In Harvard’s three losses on the season, he completed just over 49 percent of his passes for two scores and had a total of five interceptions.
The early numbers in 2007 are more reminiscent of O’Hagan’s promising sophomore campaign.
O’Hagan started nine games in 2005 and led the Ivy League in total offense. In the final six games, he posted 12 touchdowns compared to just four interceptions.
With another year of life—and football—experience, the quarterback feels even more ready to step up to the challenge of being Harvard’s starter.

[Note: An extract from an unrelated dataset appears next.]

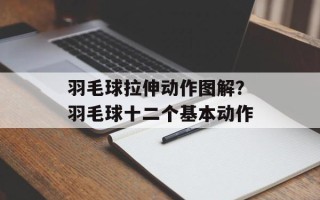羽毛球拉伸动作图解？羽毛球十二个基本动作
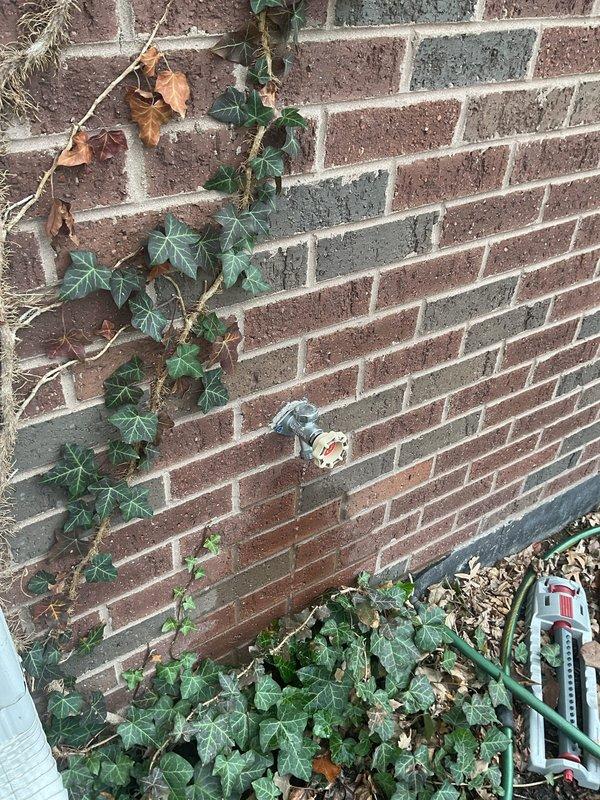 Responded to service call for multiple leaking exterior hose faucets. Upon arrival, located and inspected outdoor spigots obscured by dense ivy growth along exterior brick wall. Identified leaking gate valve-style hose bib with wheel handle requiring attention. Cleared vegetation as needed to access valve assembly and piping. Performed necessary repairs to eliminate water leakage from exterior faucet connections, ensuring proper seal and operation of valve mechanism.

“I just feel like I’m much better prepared,” O’Hagan says. “I’m older, more mature, more experienced. I’ve played a lot more games, everything just feels slower. I feel a lot more comfortable on the field.”
And with a deep and talented receiving corps to throw to, O’Hagan will not be at a loss for wideouts and tight ends to make plays.
“The thing about our guys is that they’re all great route runners and they’re all smart,” O’Hagan says. “They’re all smart out there. When you’re out there playing with guys like that, Corey [Mazza] and the rest, it’s a lot easier to make plays.”
In addition to his arm, the senior’s legs have also been known to carry the offense. He has nearly 600 rushing yards during his career, and the quarterback attributes some of his run skills to important childhood experience as a running back.
“It’s all instinctual,” he says. “I just kind of take off when I feel it’s open. If it’s there, I’m going to take it.
“Instead of trying to complete a five-yard pass it’s just as easy to run five yards, get down, keep the offense on schedule. I feel like it’s a valuable part of my game—it buys time if a guy’s not open yet.”
And with fellow senior Pizzotti and Witt, a junior, in line should anything go wrong, the Crimson should be able to keep the quarterback position in order in 2007.